Friday, April 3, 2015

C is for Culinary skills

My earliest relationship with the kitchen was one of hate. When I was a kid, a yell from the kitchen meant an errand or a chore and I would turn and run in the other direction. My mom eventually figured it out that I hated it and would never ask me to do anything food-related, other than eating it. I was excused from the chopping and the cleaning and my sisters filled in nicely. Instead, I would get all the shopping lists. I still have memories of shopping for vegetables and groceries and coming back with a big bag hanging on the handlebar of my bicycle.

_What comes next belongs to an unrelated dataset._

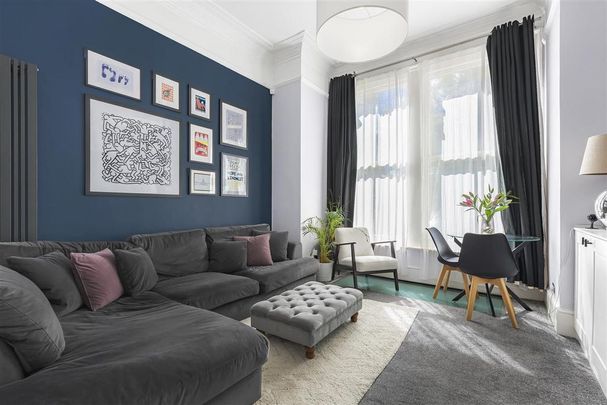 2 bedroom flat to rent - Photo 1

Eventually, I discovered my love of good food, eating it that is. And I remember asking a friend’s mom for the recipe of a tomato chutney that I had absolutely loved at their home. And I came back armed with the recipe. My mom wanted nothing to do with it. She said, if you want to eat it, you’ll have to cook it yourself. With too much pride at stake, I marched into the kitchen portraying a confidence that I didn’t really have (my earlier experiences in the kitchen had been limited to just boiling some water and cooking maggi for a quick snack). But I still managed to follow the instructions for the recipe. I know you’re expecting to hear about the disaster next, but it didn’t happen. The chutney actually turned out pretty well.  And it felt really good to eat something that I had made on my own, not to mention the generous compliments I got at dinner from my family. Now I know that it is really a fool-proof recipe for chutney, but then it really boosted my morale and thus began my journey of culinary adventures.

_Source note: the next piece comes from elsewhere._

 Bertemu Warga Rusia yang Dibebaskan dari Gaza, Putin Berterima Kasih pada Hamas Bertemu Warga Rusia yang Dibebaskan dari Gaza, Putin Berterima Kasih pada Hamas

After that, I started cooking random dishes for dinner and sometimes, when I felt like it,  even a full course meal. I have to mention that my sisters loved it that I was cooking. It just meant that they would get to eat something unusual. So they were all supportive and actually would even help by chopping the vegetables and cleaning  up afterward. I would, of course, get all the credit if the dish turned out well. I remember the one thing that I cooked many a times was butter chicken. Today I can make awesome butter chicken evenif I say so myself. But it is only because my guniea pigs/sisters lapped up every single morsel of the million attempts I made before I perfected the recipe.

And then, I moved  to Singapore. Now I had to cook if I wanted to have a home-cooked meal. And what’s worse was that I had no help whatsoever. I had to start from scratch and actually even clean up after myself. But it was also an exciting time because it meant I could buy stuff for my very own kitchen. I started small. I remember I had one little wok in the beginning and if I was cooking two dishes, I had to cook one, transfer it to a serving bowl/plate and then cook the next one. Slowly, I started investing in my kitchen. But even with fewer utensils I had, my cooking has fed quite a few mouths. Friends used to drop by for a meal and happily agreed to be guinea pigs for any new experiment.

Singapore also exposed me to a variety of cuisines. Until then, my idea to world cuisine had been limited to  Indian-Chinese food and well, pizza! In Singapore, started my journey of experimenting with all kinds of new food and newer ingredients. I started getting addicted to a lot of cooking shows and trying out newer recipes. It was also around this time that I met a bunch of other foodies, Shub, Sayesha and Pizzadude. We’d catch up for a meal or two every week and try different restaurants, not to mention different cuisines. Although we miss Shub now (she  moved far away, breaking all our collective hearts), we still have our brunch/lunch/dinner meetings, wailing babies and jumping toddlers and all. Our potluck meals are great too. We also have cookathons (I just coined that!). We’re all super enthusiastic and I don’t know what is more fun, cooking together or eating the food later!

And did I mention, I love frequenting the kitchen-tools section in supermarkets. Thanks to the frequent visits and some weak moments of excessive splurging, I now have a decent set of kitchen tools, which are among my most precious belongings. And yes, more importantly, I am a decent cook now and I can put together a great full course meal. People I meet after many years are surprised when I invite them for a meal. But I guess, its not that difficult to figure. To cook good food, you must love to eat good food, which I most definintely do. And ultimately, cooking is all about getting the proportions right. I guess that is almost second nature to me because of all toiling for so many years in the lab.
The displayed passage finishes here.